Can anyone help me with the following code:
In the code I am traversing the array and storing the all the max length of subarrays that are in strictly increasing sequence into a list called lis. Then I am finding the max of sum of length of 2 consecutive subarrays in increasing sequence.
For example:

  1. if input array = [1, 2, 2, 1] then lis array = [2, 1, 1] as the subarrays with increasing sequence are [1,2], [2] and [1] and max of sum of 2 consecutive elements is 3.
  2. If input array = [1, 2, 4, 3, 9, 7, 16, 12, 5], then lis = [3, 2, 2, 1, 1] as the subarrays with increasing sequence are [1, 2, 4], [3, 9], [7, 16]. [12] and [5]. Then taking a max of sum of 2 consecutive elements which is 5 in this case.

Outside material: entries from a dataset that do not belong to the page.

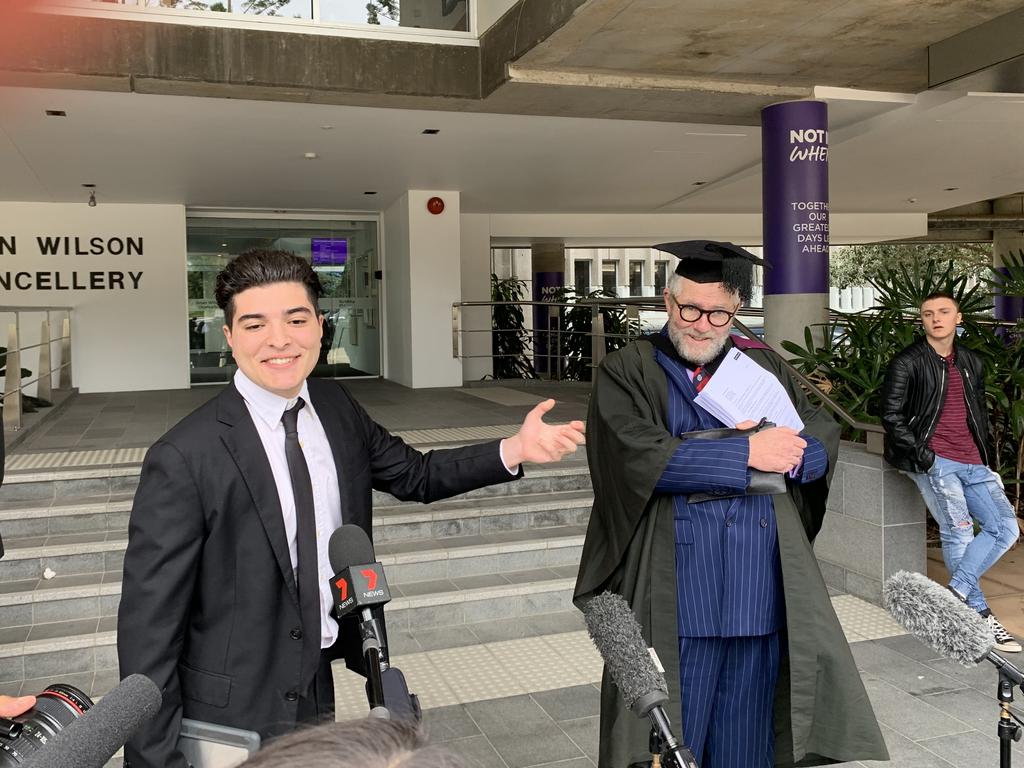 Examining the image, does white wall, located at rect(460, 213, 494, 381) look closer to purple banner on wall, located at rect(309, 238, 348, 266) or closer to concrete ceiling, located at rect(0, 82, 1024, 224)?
concrete ceiling, located at rect(0, 82, 1024, 224)

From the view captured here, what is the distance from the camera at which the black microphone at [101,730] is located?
0.60m

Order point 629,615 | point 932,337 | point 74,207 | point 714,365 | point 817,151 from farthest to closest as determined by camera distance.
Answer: point 74,207
point 817,151
point 932,337
point 714,365
point 629,615

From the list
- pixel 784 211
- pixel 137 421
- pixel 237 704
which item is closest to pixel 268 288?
pixel 237 704

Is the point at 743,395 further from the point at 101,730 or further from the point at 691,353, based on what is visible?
the point at 101,730

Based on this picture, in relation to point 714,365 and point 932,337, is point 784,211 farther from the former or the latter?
point 714,365

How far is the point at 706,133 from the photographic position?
9797 mm

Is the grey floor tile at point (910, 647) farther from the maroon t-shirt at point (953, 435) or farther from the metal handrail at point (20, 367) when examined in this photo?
the metal handrail at point (20, 367)

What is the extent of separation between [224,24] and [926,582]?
6905 millimetres

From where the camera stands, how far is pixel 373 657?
128 centimetres

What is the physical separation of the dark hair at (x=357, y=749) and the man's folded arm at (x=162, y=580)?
120 cm

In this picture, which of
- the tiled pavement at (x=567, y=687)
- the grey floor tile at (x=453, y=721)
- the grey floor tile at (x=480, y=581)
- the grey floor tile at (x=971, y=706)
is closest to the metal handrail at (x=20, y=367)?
the tiled pavement at (x=567, y=687)

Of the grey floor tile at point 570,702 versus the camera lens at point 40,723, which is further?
the grey floor tile at point 570,702

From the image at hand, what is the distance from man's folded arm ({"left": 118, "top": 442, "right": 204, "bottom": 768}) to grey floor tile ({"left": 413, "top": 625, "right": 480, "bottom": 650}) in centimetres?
335

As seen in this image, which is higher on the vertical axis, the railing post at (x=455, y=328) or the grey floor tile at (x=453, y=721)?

But I am getting wrong answer for it although it passing the sample test cases. Please help me in understanding the incorrectness in logic/code.

tc = int(input())
for i in range(tc):
  n = int(input())
  arr = list(map(int, input().split()))
  lis = []
  count = 0
  for j in range(n):
    if j == 0:
      count += 1
    elif arr[j - 1] < arr[j]:
      count += 1
    else:
      lis.append(count)
      count = 1
  lis.append(count)
  max_sum = lis[0]
  for j in range(len(lis) - 1):
    if lis[j] + lis[j + 1] > max_sum:
      max_sum = lis[j] + lis[j + 1]
  print(max_sum)
1 Like

Can anyone please share some more problems where we can find the suffix array by multiplying the whole array with -1? Actually, I have never seen this thing before and I’m not getting the intuition behind this. I was also able to figure out the approach in the contest but was not able to find this suffix array.
Any kind of help will be appreciated.
Thanks in advance.

I have been doing the same, did you figure out why?

By suffix array, if you mean finding the LIS in A[i \ldots N], then you can do it as follows:
Reverse the subarray A[i \ldots N]. The longest increasing subsequence of A[1 \ldots N] is the longest decreasing subsequence of the reversed subarray. If you multiply the reversed subarray by -1, the same subsequence will now become the longest increasing subsequence of the reversed array.

2 Likes

I got it, thanks.
Can you share some more problems where we can use the same trick?

No. Still not able to figure out why the submission is giving incorrect answer.